Captioned web images:
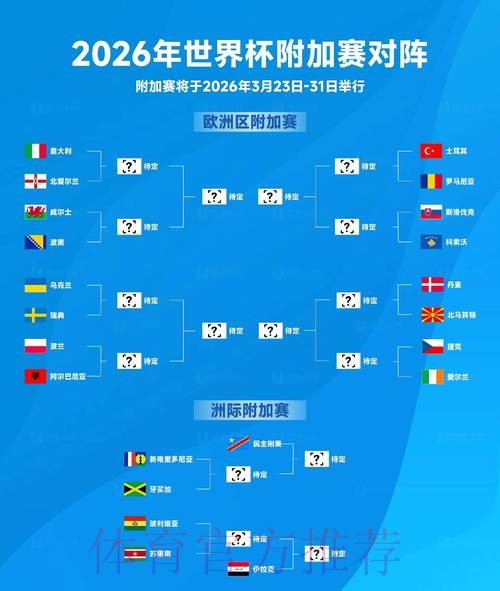 2026世界杯盘口手机热门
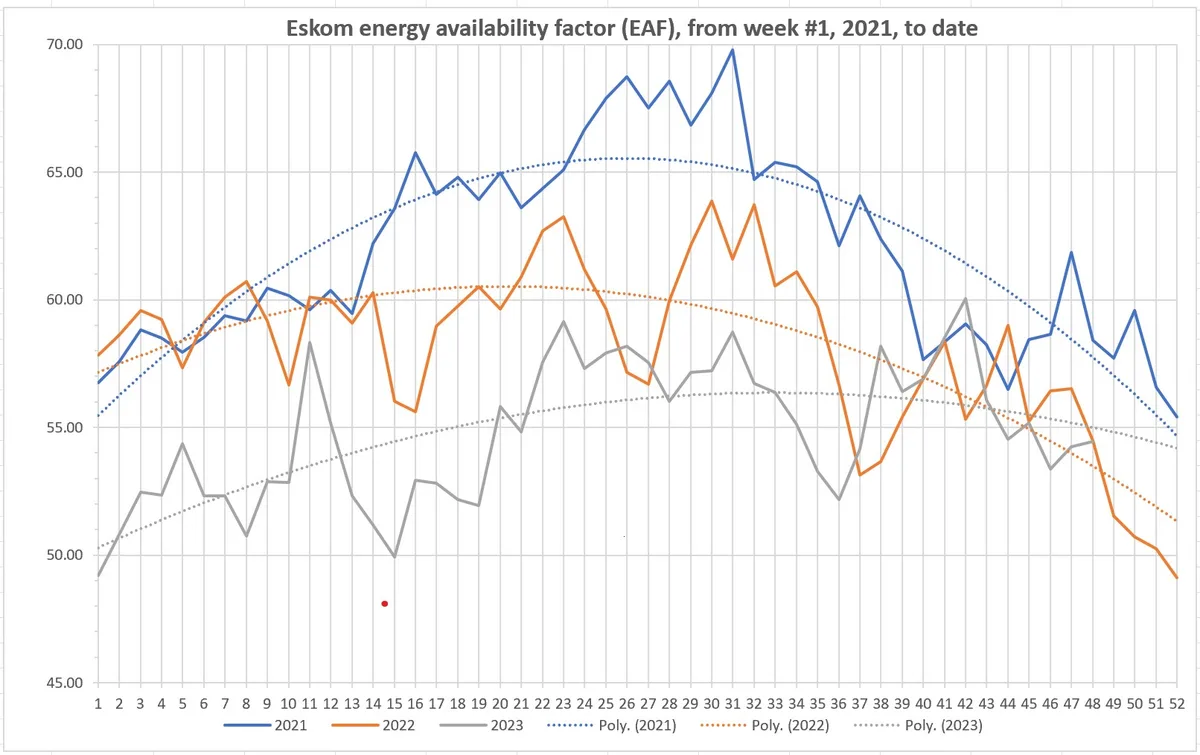 spin bike training frequency chart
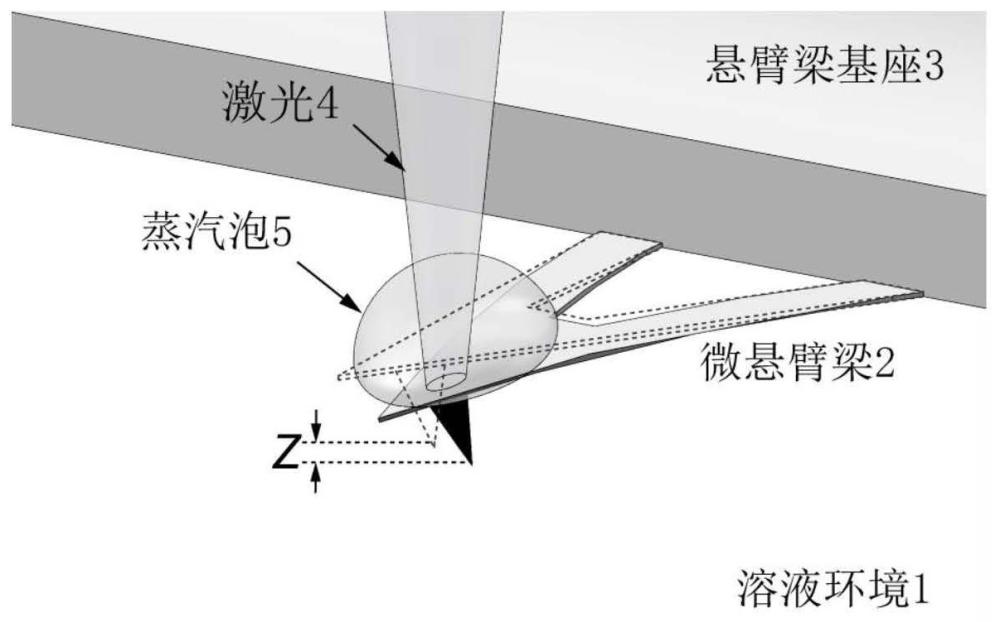 一種基于蒸汽泡的液下微懸臂梁高速驅(qū)動方法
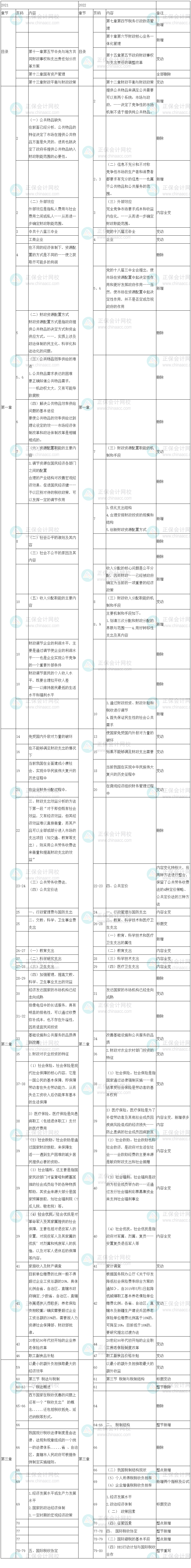 2022年中級經(jīng)濟師《財政稅收》教材變化對比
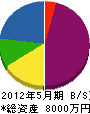 熊谷板金工業 貸借対照表 2012年5月期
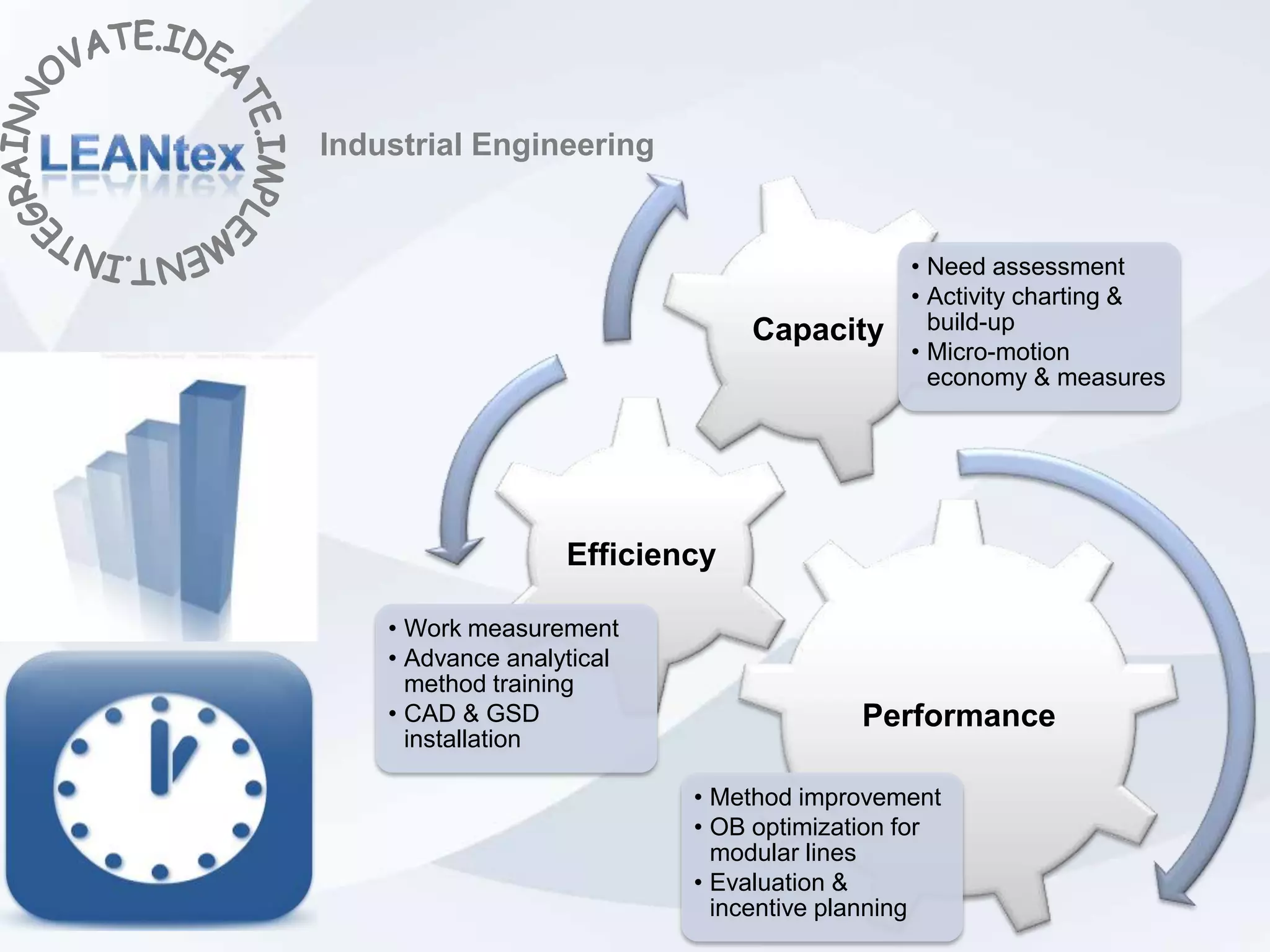 Industrial Engineering


                                             • Need assessment
                                             • Activity charting &
                                Capacity       build-up
                                             • Micro-motion
                                               economy & measures




                   Efficiency

    • Work measurement
    • Advance analytical
      method training
    • CAD & GSD                          Performance
      installation

                           • Method improvement
                           • OB optimization for
                             modular lines
                           • Evaluation &
                             incentive planning
 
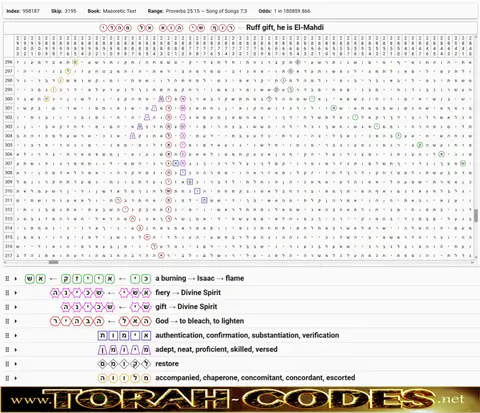 Torah Code matrix: Ruff Gift He Is El Mahdi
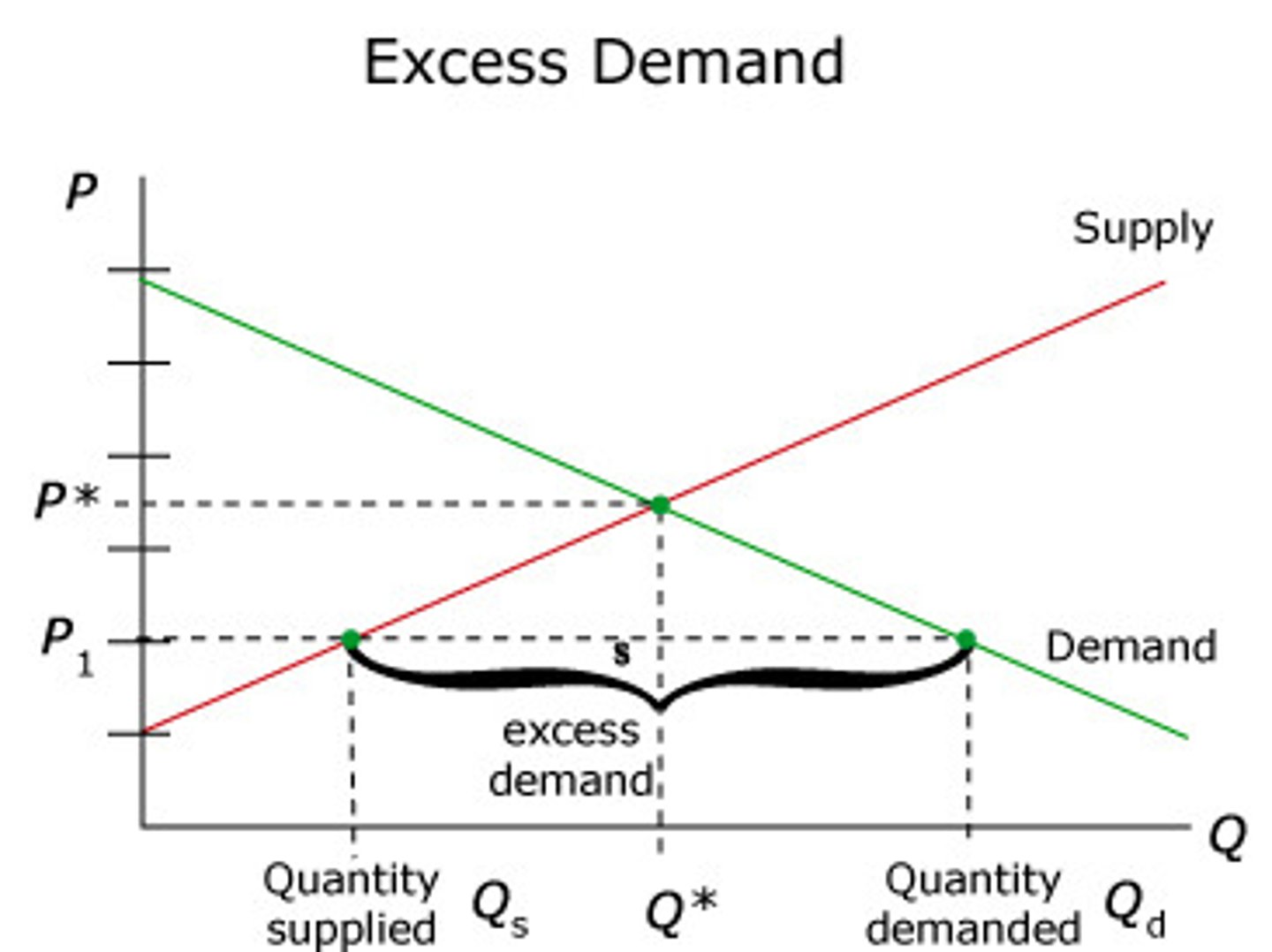 <p>Excess demand occurs when quantity demanded exceeds quantity supplied.</p>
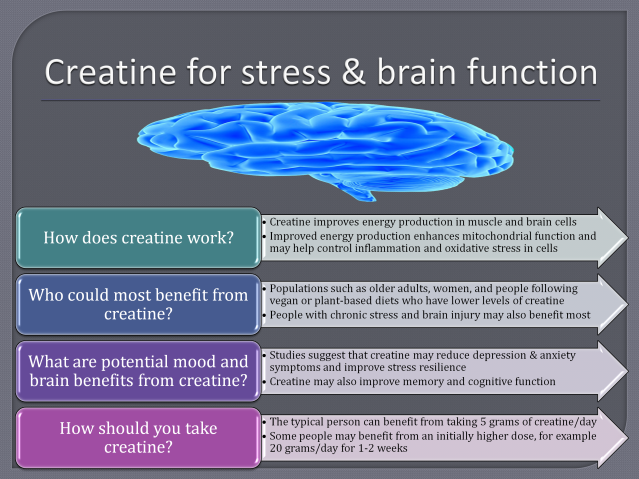 Does Creatine Increase Aggression? What Research Really Says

Problem description - Precisely those lines above that run from the line with "OB optimization for" up to and including the line with "Torah Code matrix: Ruff Gift He Is El Mahdi" are to be set down, with the pictures omitted.

Task answer -
                           • OB optimization for
                             modular lines
                           • Evaluation &
                             incentive planning
 
 Torah Code matrix: Ruff Gift He Is El Mahdi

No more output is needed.